With respect to the challenges, the prime minister of Grenada mentioned the initiatives undertaken to rebuild the country, to promote a clean and green economy disconnected from energy production monopolies, and to promote a health and wellness industry based on education. He also spoke of efforts to promote tourism, trade and agriculture in Grenada and the idea of a constitutional reform with the support and assistance of regional partners such as the OAS.
In analyzing the renewal agenda, Mitchell alluded to the transformation of the OAS and the importance of considering the new communication technologies and social media that have transformed security, democracy and human rights, and placed special emphasis on the need to provide opportunities for innovation, competitiveness and investment for new generations.
In his speech, the Grenada leader reiterated his country's active commitment to dialogue within the OAS, which is built around the idea of forging a "renewed and revitalized Organization."
"We do not believe that it is enough for this body to focus only on our fears, in defining a new OAS we must give hope to the youth, hope to the private sector and hope to governments like mine that are seeking a deeper engagement with the region and seeking new sources of competitiveness and growth," he said.
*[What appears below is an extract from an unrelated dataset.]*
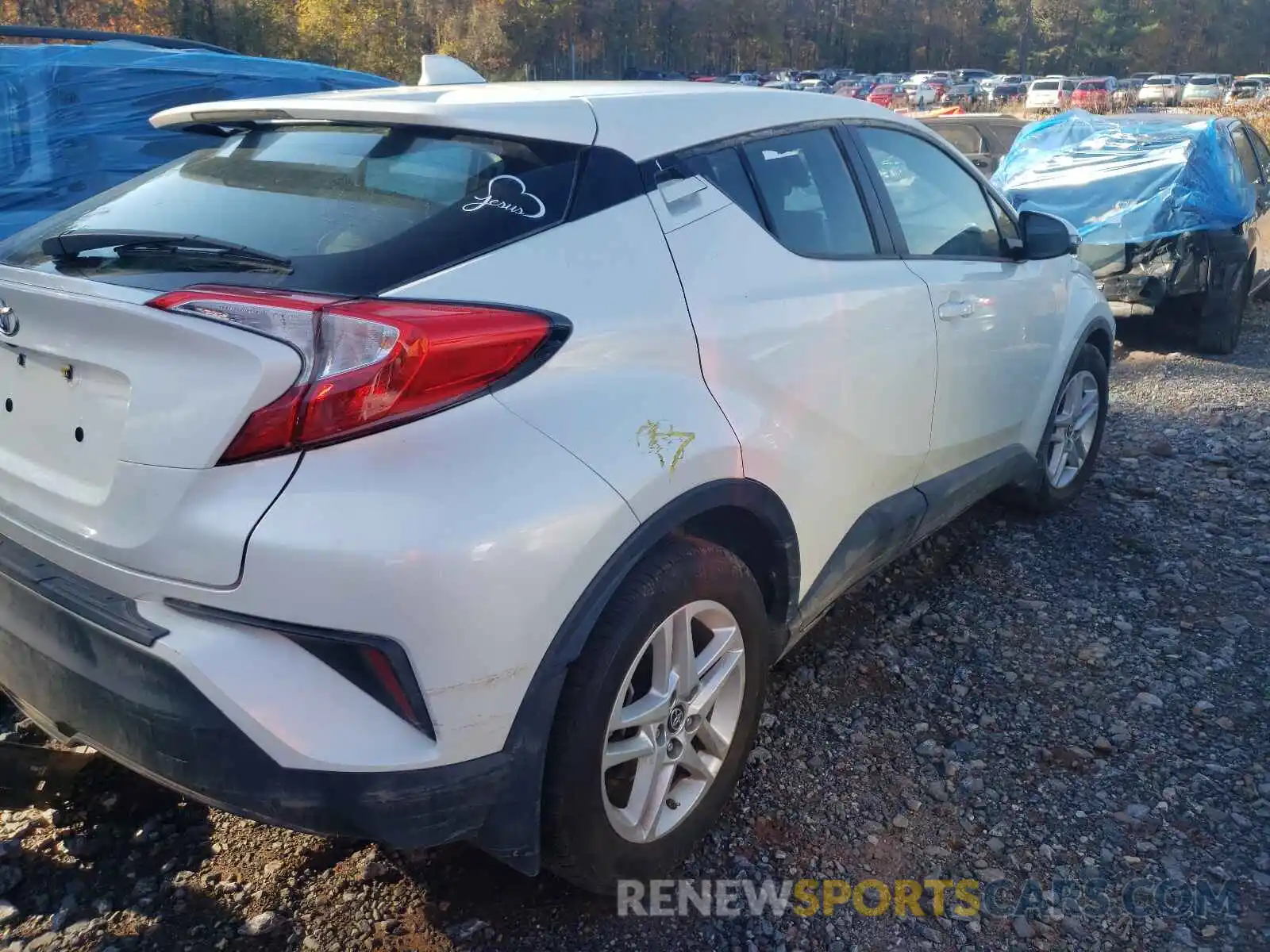 4 Photograph of a damaged car NMTKHMBX0LR105270 TOYOTA C-HR 2020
In his welcoming remarks, the OAS secretary general said the presence of the prime minister of Grenada at the OAS "is confirmation of your commitment to the Inter-American system and Grenada’s strong support for regional integration, a support that goes beyond the OAS and is reflected in the country’s activism and leadership within the Americas."
He also stressed the commitment of Mitchell to the promotion of science and technology innovation as tools for the advancement of the region’s development and his leadership in the formulation and development of the Caribbean Knowledge Learning Network.
“Grenada is a valued member of the OAS and a country with which we have had a long and close partnership. It was the first of the Organization of Eastern Caribbean States (OECS) countries to join the OAS in 1975 and also the first CARICOM country to host a Regular Meeting of our General Assembly in 1977. This partnership has grown and now successfully embraces activities and initiatives within the four main pillars of the OAS- democracy, development, security and human rights,” he said.
The leader of the hemispheric Organization recalled that the OAS has supported the government of Grenada in the strengthening its electoral institutions and processes, with Electoral Observation Missions dating back to 1984, and also mentioned initiatives related to trade, tourism, sustainable development and security.
“Our work to modernize the country’s civil registry system has been successful, with 100 per cent of birth records now digitized,” he said, and added that he expected this progress “would help strengthen governance, especially the delivery of services to citizens.”
Insulza recognized the many challenges that Grenada has faced in recent years, including the devastating effects of Hurricane Ivan in 2004 and the impact of the recent global economic recession. In this regard he highlighted the leadership of Mitchell in the efforts to rebuild the country, as well as the determination and commitment of the governments and people of Grenada.
“I want to assure you that the OAS will continue to accompany Grenada as it seeks solutions to these and other problems,” he said, and cited as an example the regional conference on debt management in the Caribbean that will be organized jointly by the OAS, the government of Grenada and the Bertelsmann Foundation in November.
The chair of the Permanent Council and Representative of Peru to the OAS, Ambassador Walter Alban, introduced Mitchell, alluding to his "enviable and long trajectory" in the service of his country and his people.
"You represent a country in which the different cultures are the most important component of its human potential. The condition of a pluralistic and harmonious culture of your country enriches the gathering of the member states, and the considerations and deliberations of this Organization," he concluded.